**TASK TO COMPLETE**
Print exactly the lines below between the line containing "Vela Aromática Lavanda" and the line containing "РАСПАКОВКА АЛЬБОМОВ TXT", counting both of those lines. Leave pictures out.

***** DATA RECORDS

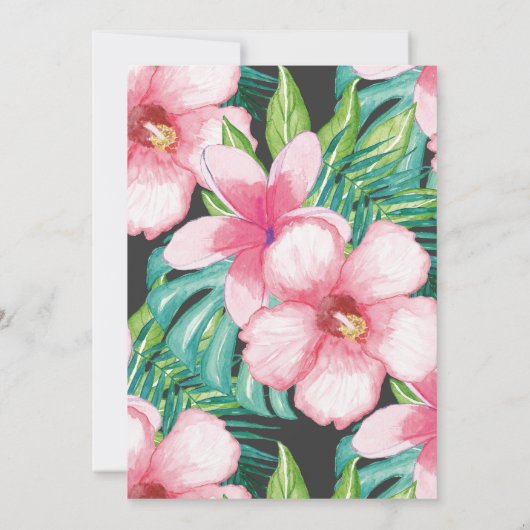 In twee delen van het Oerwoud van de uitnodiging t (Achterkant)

**********
***** DATA RECORDS

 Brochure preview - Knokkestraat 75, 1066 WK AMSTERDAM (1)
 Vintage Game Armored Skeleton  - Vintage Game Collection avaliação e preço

**********
***** DATA RECORDS

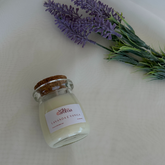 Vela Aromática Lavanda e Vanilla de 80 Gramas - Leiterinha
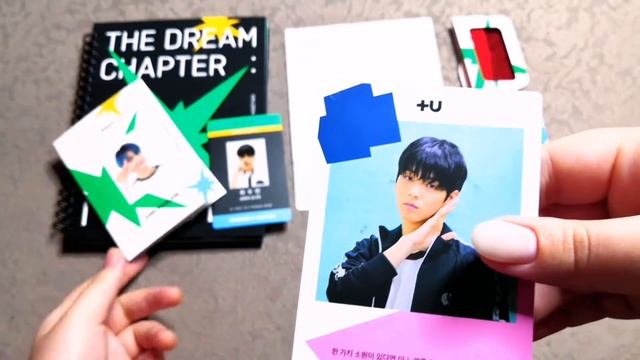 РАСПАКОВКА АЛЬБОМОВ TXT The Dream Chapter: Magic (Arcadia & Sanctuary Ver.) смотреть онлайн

**********

**RESPONSE TO THE EXERCISE**
 Vela Aromática Lavanda e Vanilla de 80 Gramas - Leiterinha
 РАСПАКОВКА АЛЬБОМОВ TXT The Dream Chapter: Magic (Arcadia & Sanctuary Ver.) смотреть онлайн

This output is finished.